- _Task prompt_
Below is some data. Retype exactly the lines starting at the one with "Recambio de mando" and ending at the one with "new 2026 Mazda CX-50 car, priced at $36,900".

☆ ☆ ☆

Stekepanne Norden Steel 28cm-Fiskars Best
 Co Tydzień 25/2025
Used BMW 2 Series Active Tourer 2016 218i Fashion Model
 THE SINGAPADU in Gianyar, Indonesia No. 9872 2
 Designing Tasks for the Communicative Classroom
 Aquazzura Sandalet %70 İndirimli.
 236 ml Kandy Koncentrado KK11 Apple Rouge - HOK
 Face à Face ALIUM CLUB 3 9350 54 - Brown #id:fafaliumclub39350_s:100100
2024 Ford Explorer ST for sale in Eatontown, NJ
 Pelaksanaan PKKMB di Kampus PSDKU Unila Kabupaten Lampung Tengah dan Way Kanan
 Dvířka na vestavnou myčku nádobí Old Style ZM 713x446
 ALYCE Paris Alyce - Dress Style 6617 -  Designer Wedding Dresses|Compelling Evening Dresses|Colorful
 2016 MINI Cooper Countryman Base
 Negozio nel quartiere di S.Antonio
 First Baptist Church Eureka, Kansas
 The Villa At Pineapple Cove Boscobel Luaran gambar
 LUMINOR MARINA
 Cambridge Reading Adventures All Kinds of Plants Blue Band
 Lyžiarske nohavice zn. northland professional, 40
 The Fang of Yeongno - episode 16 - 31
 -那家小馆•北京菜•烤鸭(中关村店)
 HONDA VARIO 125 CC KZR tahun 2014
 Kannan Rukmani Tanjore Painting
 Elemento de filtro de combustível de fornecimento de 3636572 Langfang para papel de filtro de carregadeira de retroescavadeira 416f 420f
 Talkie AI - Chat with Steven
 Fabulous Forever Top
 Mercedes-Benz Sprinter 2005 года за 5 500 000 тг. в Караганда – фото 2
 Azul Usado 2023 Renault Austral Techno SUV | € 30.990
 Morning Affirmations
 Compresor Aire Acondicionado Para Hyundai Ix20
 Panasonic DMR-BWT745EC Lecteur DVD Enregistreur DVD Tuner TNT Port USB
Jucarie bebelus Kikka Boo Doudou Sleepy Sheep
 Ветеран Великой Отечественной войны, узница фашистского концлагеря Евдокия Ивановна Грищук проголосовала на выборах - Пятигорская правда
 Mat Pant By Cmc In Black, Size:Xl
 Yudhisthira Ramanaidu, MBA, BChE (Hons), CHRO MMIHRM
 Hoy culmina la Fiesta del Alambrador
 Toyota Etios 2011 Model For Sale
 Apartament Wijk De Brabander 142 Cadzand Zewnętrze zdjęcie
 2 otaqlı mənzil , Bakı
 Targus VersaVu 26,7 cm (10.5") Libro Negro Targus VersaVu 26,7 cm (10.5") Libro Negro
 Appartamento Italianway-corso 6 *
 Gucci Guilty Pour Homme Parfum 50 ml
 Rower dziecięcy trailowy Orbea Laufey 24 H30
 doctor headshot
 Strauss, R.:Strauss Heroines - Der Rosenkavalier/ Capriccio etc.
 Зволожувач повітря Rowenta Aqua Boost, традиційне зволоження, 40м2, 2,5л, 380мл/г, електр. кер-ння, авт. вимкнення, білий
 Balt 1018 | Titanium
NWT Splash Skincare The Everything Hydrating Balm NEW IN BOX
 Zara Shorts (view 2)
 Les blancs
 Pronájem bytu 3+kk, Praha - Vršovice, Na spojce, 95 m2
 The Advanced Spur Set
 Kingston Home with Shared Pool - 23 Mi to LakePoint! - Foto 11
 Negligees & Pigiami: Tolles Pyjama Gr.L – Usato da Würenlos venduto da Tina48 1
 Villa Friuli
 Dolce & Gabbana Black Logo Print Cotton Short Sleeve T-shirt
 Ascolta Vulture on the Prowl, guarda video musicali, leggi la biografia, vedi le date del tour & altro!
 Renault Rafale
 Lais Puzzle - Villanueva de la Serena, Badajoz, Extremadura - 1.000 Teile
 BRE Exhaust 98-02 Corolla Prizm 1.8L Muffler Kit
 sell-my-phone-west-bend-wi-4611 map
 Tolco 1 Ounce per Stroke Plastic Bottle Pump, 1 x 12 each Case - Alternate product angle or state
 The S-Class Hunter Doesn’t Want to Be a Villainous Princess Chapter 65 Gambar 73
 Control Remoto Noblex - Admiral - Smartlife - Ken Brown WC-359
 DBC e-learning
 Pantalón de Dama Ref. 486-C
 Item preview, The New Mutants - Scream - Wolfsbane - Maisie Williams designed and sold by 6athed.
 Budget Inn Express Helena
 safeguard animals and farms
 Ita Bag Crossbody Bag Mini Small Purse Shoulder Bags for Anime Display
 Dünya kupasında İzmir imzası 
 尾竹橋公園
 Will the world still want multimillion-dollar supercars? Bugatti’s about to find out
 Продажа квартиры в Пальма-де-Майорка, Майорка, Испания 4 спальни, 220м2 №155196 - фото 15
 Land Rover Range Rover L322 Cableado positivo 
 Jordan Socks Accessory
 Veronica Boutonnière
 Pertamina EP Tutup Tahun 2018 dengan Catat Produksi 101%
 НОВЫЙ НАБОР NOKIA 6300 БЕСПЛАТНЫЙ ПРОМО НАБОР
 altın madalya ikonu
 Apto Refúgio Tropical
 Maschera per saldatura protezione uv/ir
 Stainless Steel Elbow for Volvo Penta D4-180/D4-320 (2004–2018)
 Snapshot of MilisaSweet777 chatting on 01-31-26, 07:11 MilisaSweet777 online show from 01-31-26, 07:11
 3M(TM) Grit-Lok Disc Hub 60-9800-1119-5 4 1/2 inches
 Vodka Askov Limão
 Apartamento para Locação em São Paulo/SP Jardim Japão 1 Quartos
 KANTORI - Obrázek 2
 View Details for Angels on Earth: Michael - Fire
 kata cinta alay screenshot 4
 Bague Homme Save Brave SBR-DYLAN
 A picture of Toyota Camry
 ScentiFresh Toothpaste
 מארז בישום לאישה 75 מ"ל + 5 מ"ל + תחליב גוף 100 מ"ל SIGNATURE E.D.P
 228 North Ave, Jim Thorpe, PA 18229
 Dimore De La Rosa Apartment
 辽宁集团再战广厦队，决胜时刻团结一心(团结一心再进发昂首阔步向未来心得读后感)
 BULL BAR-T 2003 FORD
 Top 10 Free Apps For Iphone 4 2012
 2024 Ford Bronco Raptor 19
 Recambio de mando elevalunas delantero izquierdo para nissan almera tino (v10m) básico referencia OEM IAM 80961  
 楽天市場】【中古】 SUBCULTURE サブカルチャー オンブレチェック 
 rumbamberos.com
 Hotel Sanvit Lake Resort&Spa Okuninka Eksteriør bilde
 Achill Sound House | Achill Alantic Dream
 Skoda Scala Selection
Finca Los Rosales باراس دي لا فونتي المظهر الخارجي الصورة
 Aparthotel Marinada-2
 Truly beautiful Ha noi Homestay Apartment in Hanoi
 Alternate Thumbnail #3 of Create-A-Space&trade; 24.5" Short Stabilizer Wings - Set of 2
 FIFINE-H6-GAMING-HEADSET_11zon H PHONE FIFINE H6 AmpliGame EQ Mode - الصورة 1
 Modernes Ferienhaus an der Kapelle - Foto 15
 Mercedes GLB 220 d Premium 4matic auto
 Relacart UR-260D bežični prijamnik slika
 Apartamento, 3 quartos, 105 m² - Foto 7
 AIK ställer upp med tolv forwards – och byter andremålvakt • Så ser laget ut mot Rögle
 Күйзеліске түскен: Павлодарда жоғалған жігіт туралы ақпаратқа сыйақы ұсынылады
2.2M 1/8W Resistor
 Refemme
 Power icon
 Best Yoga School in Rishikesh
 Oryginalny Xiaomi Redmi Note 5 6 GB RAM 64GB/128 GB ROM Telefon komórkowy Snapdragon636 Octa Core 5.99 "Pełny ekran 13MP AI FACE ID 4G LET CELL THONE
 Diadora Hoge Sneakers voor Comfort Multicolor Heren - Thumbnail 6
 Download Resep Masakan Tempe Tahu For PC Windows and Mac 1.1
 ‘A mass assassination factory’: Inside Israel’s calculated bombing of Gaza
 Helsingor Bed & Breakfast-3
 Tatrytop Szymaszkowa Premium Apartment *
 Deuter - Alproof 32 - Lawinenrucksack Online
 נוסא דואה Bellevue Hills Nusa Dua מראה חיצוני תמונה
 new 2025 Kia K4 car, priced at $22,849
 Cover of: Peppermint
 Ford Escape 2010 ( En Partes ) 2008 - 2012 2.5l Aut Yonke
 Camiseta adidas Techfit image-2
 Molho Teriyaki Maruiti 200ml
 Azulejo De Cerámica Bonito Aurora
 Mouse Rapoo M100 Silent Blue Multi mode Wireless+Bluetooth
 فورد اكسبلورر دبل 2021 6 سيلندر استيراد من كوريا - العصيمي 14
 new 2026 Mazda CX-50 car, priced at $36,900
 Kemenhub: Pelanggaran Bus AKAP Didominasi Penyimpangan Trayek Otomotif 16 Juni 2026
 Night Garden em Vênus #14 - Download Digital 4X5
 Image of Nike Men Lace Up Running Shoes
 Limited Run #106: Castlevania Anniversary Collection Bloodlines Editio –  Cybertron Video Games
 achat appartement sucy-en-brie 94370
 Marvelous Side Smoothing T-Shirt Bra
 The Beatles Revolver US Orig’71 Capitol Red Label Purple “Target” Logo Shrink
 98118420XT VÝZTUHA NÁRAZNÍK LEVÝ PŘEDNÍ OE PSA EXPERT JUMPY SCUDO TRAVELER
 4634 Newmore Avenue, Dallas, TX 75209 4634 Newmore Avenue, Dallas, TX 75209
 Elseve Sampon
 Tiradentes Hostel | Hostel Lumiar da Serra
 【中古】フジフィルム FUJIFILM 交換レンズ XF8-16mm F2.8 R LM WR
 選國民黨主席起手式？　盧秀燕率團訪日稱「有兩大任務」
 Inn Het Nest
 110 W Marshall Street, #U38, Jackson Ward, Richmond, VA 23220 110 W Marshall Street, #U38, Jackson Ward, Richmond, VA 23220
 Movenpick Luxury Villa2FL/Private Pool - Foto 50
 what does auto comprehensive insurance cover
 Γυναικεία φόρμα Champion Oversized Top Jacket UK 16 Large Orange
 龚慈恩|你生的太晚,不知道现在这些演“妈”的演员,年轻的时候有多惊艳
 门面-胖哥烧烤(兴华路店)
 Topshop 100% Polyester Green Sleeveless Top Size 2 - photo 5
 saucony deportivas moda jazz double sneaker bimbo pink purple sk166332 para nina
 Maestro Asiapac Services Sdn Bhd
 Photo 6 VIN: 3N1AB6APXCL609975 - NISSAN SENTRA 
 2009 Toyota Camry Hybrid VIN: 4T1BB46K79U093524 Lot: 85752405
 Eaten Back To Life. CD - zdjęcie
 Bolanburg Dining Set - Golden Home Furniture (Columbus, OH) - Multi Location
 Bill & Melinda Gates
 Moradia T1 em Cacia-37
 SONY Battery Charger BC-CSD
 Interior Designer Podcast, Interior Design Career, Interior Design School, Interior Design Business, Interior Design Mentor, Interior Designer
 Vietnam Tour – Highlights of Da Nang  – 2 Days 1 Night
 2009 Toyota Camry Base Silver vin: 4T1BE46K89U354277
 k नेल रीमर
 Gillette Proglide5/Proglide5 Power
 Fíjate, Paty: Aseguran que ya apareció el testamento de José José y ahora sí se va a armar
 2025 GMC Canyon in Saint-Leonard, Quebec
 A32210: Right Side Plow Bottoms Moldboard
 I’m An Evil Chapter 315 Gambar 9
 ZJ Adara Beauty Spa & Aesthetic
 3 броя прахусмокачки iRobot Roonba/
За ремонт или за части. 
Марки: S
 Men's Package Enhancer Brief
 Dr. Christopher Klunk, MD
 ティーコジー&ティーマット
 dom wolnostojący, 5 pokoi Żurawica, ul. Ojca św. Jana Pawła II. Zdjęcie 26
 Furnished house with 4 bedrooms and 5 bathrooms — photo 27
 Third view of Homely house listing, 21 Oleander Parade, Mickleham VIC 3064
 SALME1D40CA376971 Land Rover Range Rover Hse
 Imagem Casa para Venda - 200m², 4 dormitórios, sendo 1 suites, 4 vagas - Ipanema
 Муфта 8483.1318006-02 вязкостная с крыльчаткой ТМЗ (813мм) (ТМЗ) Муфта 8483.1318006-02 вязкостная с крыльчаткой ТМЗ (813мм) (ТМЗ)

☆ ☆ ☆

- _Solution to the exercise_
 Recambio de mando elevalunas delantero izquierdo para nissan almera tino (v10m) básico referencia OEM IAM 80961  
 楽天市場】【中古】 SUBCULTURE サブカルチャー オンブレチェック 
 rumbamberos.com
 Hotel Sanvit Lake Resort&Spa Okuninka Eksteriør bilde
 Achill Sound House | Achill Alantic Dream
 Skoda Scala Selection
Finca Los Rosales باراس دي لا فونتي المظهر الخارجي الصورة
 Aparthotel Marinada-2
 Truly beautiful Ha noi Homestay Apartment in Hanoi
 Alternate Thumbnail #3 of Create-A-Space&trade; 24.5" Short Stabilizer Wings - Set of 2
 FIFINE-H6-GAMING-HEADSET_11zon H PHONE FIFINE H6 AmpliGame EQ Mode - الصورة 1
 Modernes Ferienhaus an der Kapelle - Foto 15
 Mercedes GLB 220 d Premium 4matic auto
 Relacart UR-260D bežični prijamnik slika
 Apartamento, 3 quartos, 105 m² - Foto 7
 AIK ställer upp med tolv forwards – och byter andremålvakt • Så ser laget ut mot Rögle
 Күйзеліске түскен: Павлодарда жоғалған жігіт туралы ақпаратқа сыйақы ұсынылады
2.2M 1/8W Resistor
 Refemme
 Power icon
 Best Yoga School in Rishikesh
 Oryginalny Xiaomi Redmi Note 5 6 GB RAM 64GB/128 GB ROM Telefon komórkowy Snapdragon636 Octa Core 5.99 "Pełny ekran 13MP AI FACE ID 4G LET CELL THONE
 Diadora Hoge Sneakers voor Comfort Multicolor Heren - Thumbnail 6
 Download Resep Masakan Tempe Tahu For PC Windows and Mac 1.1
 ‘A mass assassination factory’: Inside Israel’s calculated bombing of Gaza
 Helsingor Bed & Breakfast-3
 Tatrytop Szymaszkowa Premium Apartment *
 Deuter - Alproof 32 - Lawinenrucksack Online
 נוסא דואה Bellevue Hills Nusa Dua מראה חיצוני תמונה
 new 2025 Kia K4 car, priced at $22,849
 Cover of: Peppermint
 Ford Escape 2010 ( En Partes ) 2008 - 2012 2.5l Aut Yonke
 Camiseta adidas Techfit image-2
 Molho Teriyaki Maruiti 200ml
 Azulejo De Cerámica Bonito Aurora
 Mouse Rapoo M100 Silent Blue Multi mode Wireless+Bluetooth
 فورد اكسبلورر دبل 2021 6 سيلندر استيراد من كوريا - العصيمي 14
 new 2026 Mazda CX-50 car, priced at $36,900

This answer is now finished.